The central theme of determination, however, carries through both their stories: he, determined to return to Ithaca and to Penelope, and she, to resolutely wait for him.
In Joyce’s version, the fourth episode of the book, Calypso, focuses specifically on Bloom’s relation to his wife, Molly, as does the eighteenth and final episode, Penelope. However, in Calypso, Bloom is, as though, held captive by Molly, serving her obsequiously, well aware of her infidelities with Blazes Boylan. In Penelope, a singular explosion of feeling narrated by Molly, she finds her affection for Bloom once again, bringing him home, despite her own overt infidelities.

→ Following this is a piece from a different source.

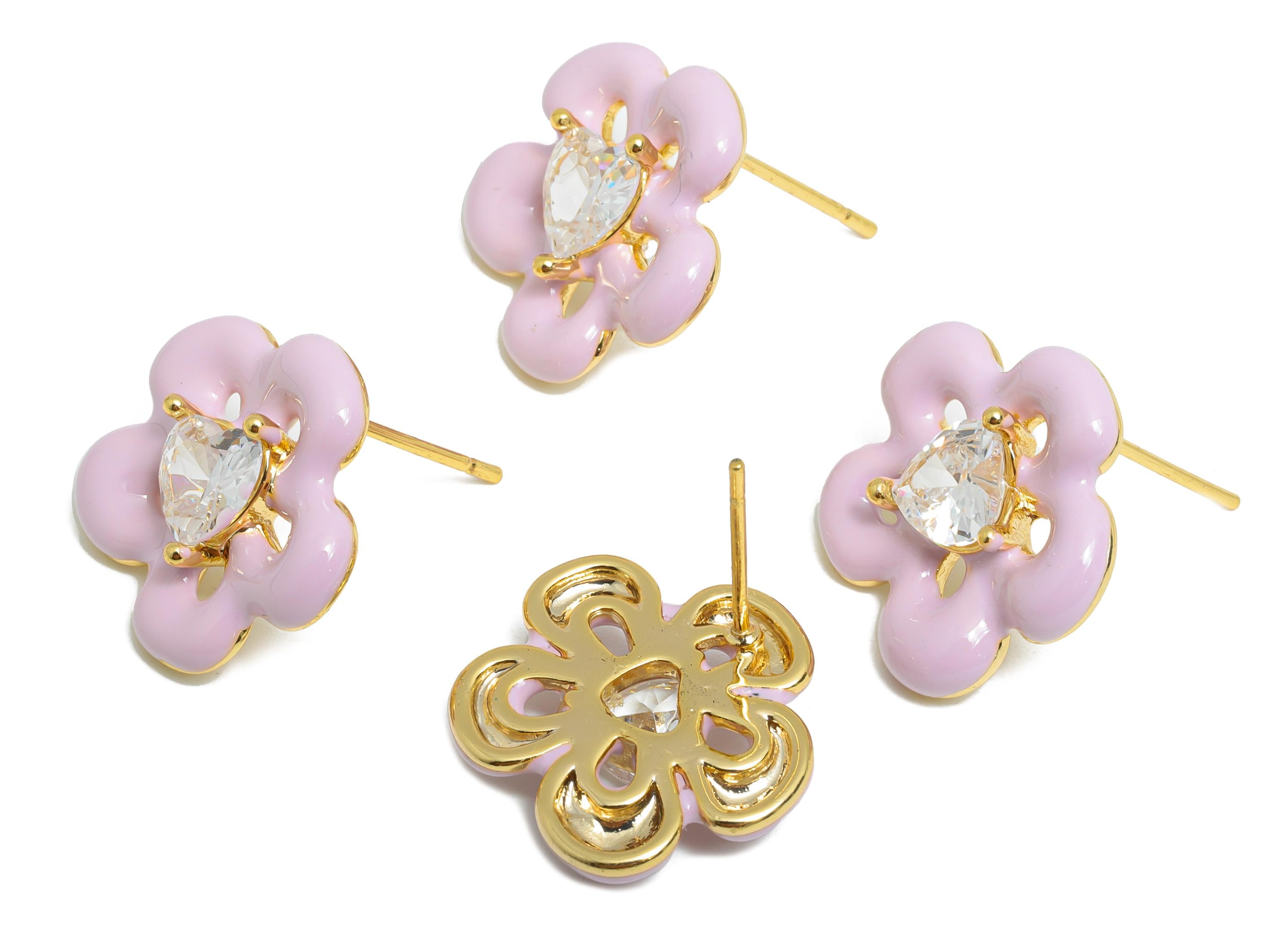 Brass Enamel Flower Earring - Brass Cubic Zircon Colorful Earring - Bold Spring Summer Charm - 18K Real Gold Plating - 17x16x4mm - RGP10377D - DOMEDBAZAAR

The ironies and twists in Joyce’s version – Molly is the explicitly unfaithful one here – contribute to the quality of unexpectedness that continues to make the book fascinating. Seductive in its eluding a straightforward mapping of the Odyssey myth, but capturing its fundamental structure and themes, it continually appeals for rereading and reinterpretation.
Perhaps something about the idea of the 111th anniversary, for a book whose writer was endlessly fascinated by linguistic and numeric curiosities, particularly calls out in its repeated invocations of that singular digit.